Mapperley resident and retired teacher Francisco Perez Navarro has died peacefully at the age of 96. Francisco was a highly regarded teacher and philosopher who taught at The Trent Polytechnic and latterly at other colleges in Nottingham.
Francisco Perez studied philosophy, history and art in post-war Madrid. A bright ‘free thinker’ he travelled and immersed himself in the art-world, developing a network of artist friends around Europe. Whilst Francisco has never painted, his appreciation of art made him connections with artists such as Goya and Manuel Ortega in Spain, to locally renowned artists such as Paul Gidley and Maggie Campbell.
Francisco moved to England in 1955, initially to Great Malvern in Worcestershire where he met and married his wife Francoise (a Franco-Swiss teacher). They moved to Mapperley in Nottingham in the 1960s where they lived and raised their family.
In addition to his teaching, Francisco also wrote various books and articles, including a book in Spanish introducing the works of Samuel Beckett to a Spanish speaking audience: Galería de Moribundos: Introducción a las novelas y al teatro de Samuel Beckett (1976)

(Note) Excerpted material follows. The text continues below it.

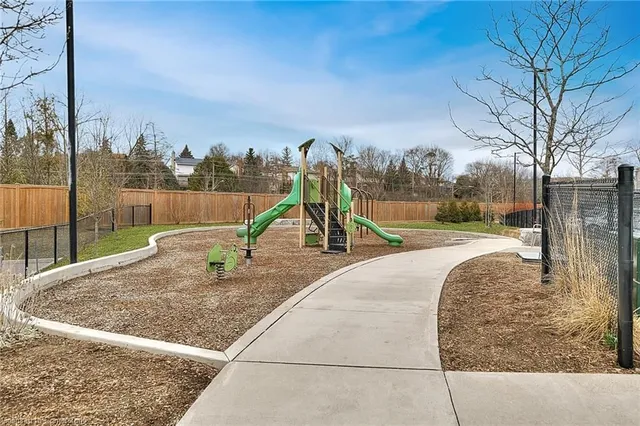 Additional image 31 of 24 Morrison Rd Unit A11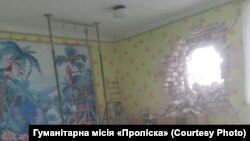 Российские гибридные силы выпустили по Станице Луганской 32 снаряда. Пострадал местный детский сад.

Former student recalls his memory of Mr Perez
Dr Tony Shaw (a former student recalls Francisco at Clarendon College).
“In the eighties Francisco Perez taught me Spanish at Clarendon College, Nottingham, and his lessons were far removed from the norm. He used to come in, take a large number of books and papers from his bag and line them on his desk. On one occasion he gave me a news item (or fait divers) in French for me to translate aloud (slowly) into English for the class (including myself) to translate back into Spanish. This was, of course, long before Ofsted was created to dumb down the level of education and manufacture robotic students through teachers’ lesson plans and exam targets”.
Francisco leaves five surviving children, Maria, Gabriel, Miguel, Rafael and Pedro.
Pedro Perez said
“My father died at home and peacefully. He waited for Miguel and I to go and see him before he passed. He was a fighter all his life, from the age of eleven when he experienced the Spanish Civil War”.